Lee RA, Centor RM, Humphrey LL, et al. Appropriate Use of Short-Course Antibiotics in Common Infections: Best Practice Advice From the American College of Physicians. Ann Intern Med. 2021 Apr 6. doi: 10.7326/M20-7355. Epub ahead of print. PMID: 33819054.

Study Summary:

The American College of Physicians issued their Best Practice guidelines on the use of antibiotics in the outpatient setting. They note 10% of outpatient visits result in an antibiotic prescription, with 30% of those being for inappropriate reasons and when used for an appropriate diagnosis, for too long. The two most common diagnoses where inappropriately used are acute bronchitis and sinusitis.

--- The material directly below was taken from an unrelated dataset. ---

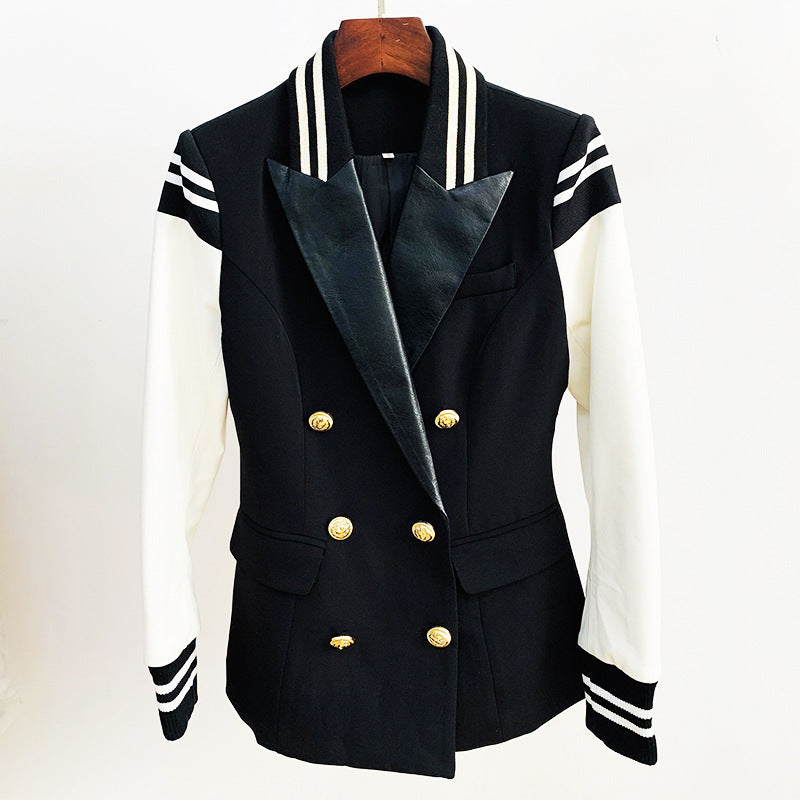 Two-Tone Blended Leather Suit Jacket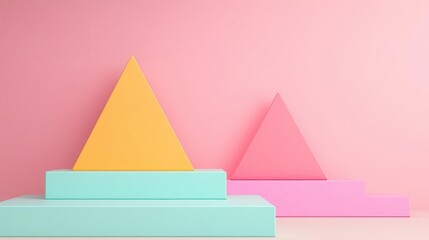 Poster - A pastel-colored geometric arrangement featuring two triangles on stacked blocks against a soft pink background.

They estimate adverse events occur in 20% of the antibiotic prescriptions, ranging from antibiotic-induced rashes (often confused with allergic reactions) to C. difficile, MRSA, and the worsening of the epidemic of antibiotic resistance.

Recommendations:

Best Practice Advice 1: COPD exacerbations

Limit antibiotic treatment duration to 5 days with acute uncomplicated bronchitis (presence of increased sputum purulence in addition to increased dyspnea, and/or increased sputum volume)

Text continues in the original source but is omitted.